» **YOUR TASK**: Starting at the line that holds "대기업 협력사 '2차 상생보증' 시행", quote every line through the end of the records, both boundary lines included. Omit the pictures.

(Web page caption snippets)
○ ○ ○ ○

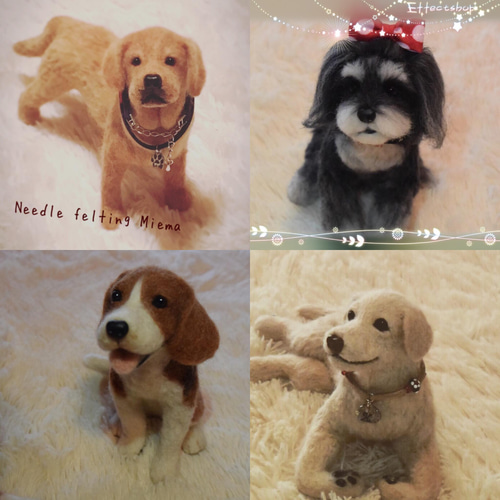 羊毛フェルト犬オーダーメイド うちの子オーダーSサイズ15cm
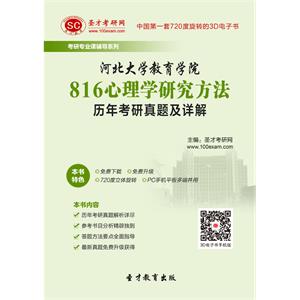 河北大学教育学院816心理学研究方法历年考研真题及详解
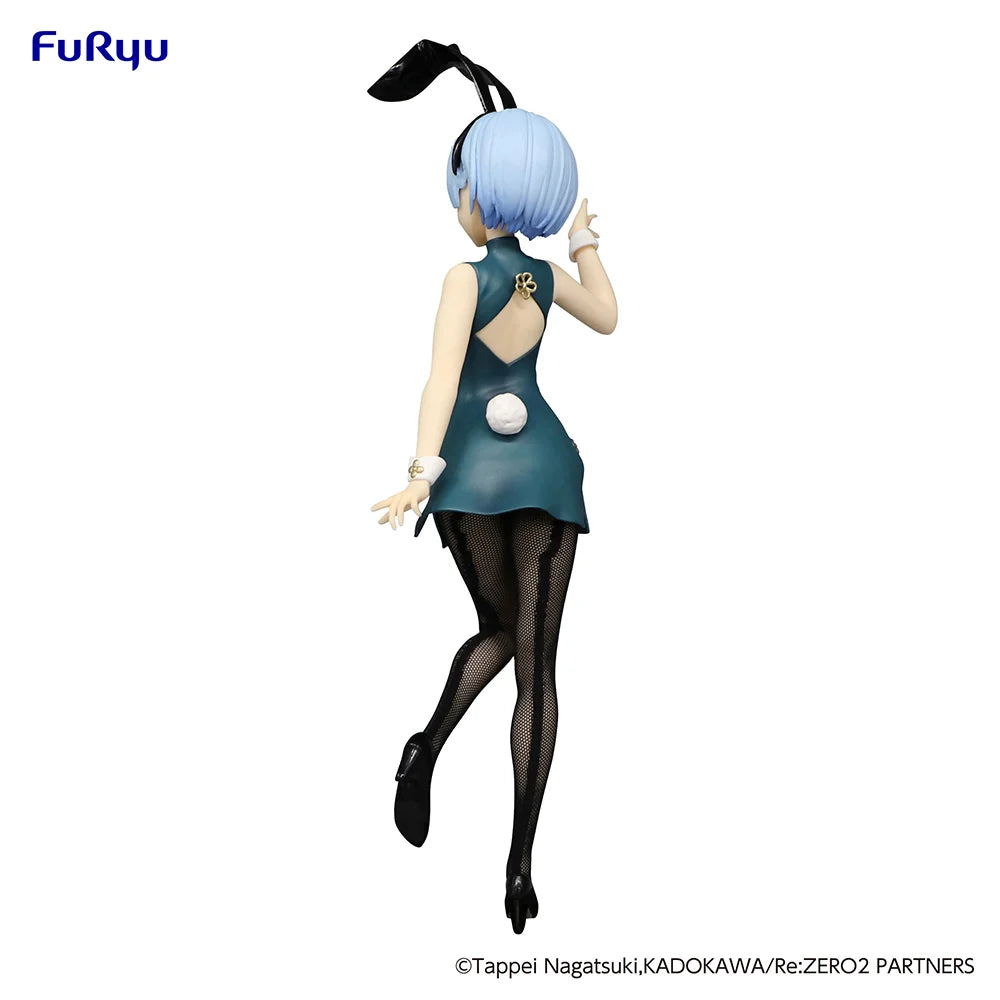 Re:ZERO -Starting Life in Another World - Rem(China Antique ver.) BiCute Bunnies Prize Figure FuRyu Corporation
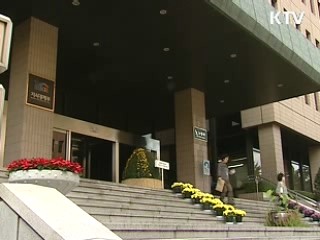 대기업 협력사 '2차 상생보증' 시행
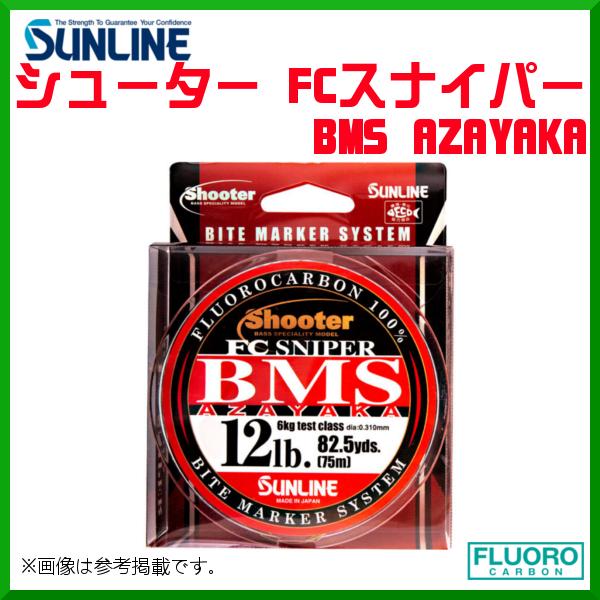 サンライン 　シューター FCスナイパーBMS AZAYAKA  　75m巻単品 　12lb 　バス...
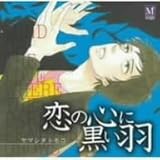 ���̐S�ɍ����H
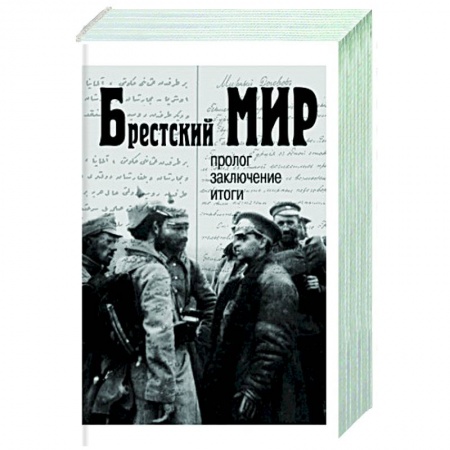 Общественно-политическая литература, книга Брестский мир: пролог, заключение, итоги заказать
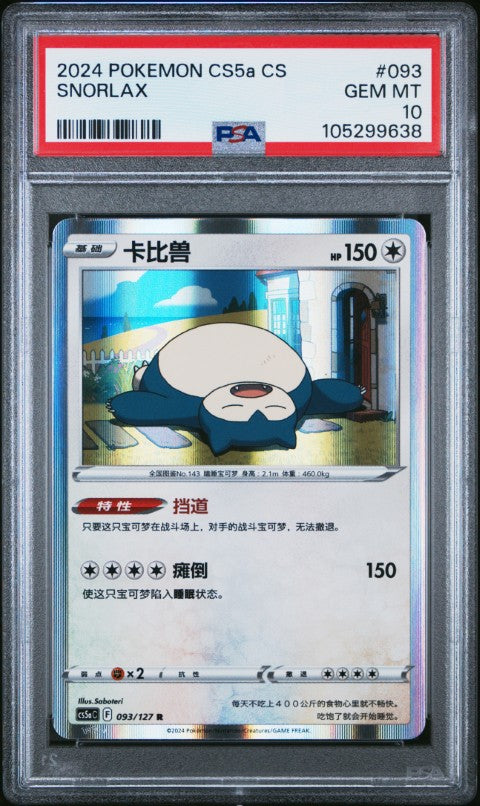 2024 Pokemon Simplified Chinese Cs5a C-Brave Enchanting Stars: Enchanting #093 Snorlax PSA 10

○ ○ ○ ○

» **TASK OUTPUT**:
 대기업 협력사 '2차 상생보증' 시행
 サンライン 　シューター FCスナイパーBMS AZAYAKA  　75m巻単品 　12lb 　バス...
 ���̐S�ɍ����H
 Общественно-политическая литература, книга Брестский мир: пролог, заключение, итоги заказать
 2024 Pokemon Simplified Chinese Cs5a C-Brave Enchanting Stars: Enchanting #093 Snorlax PSA 10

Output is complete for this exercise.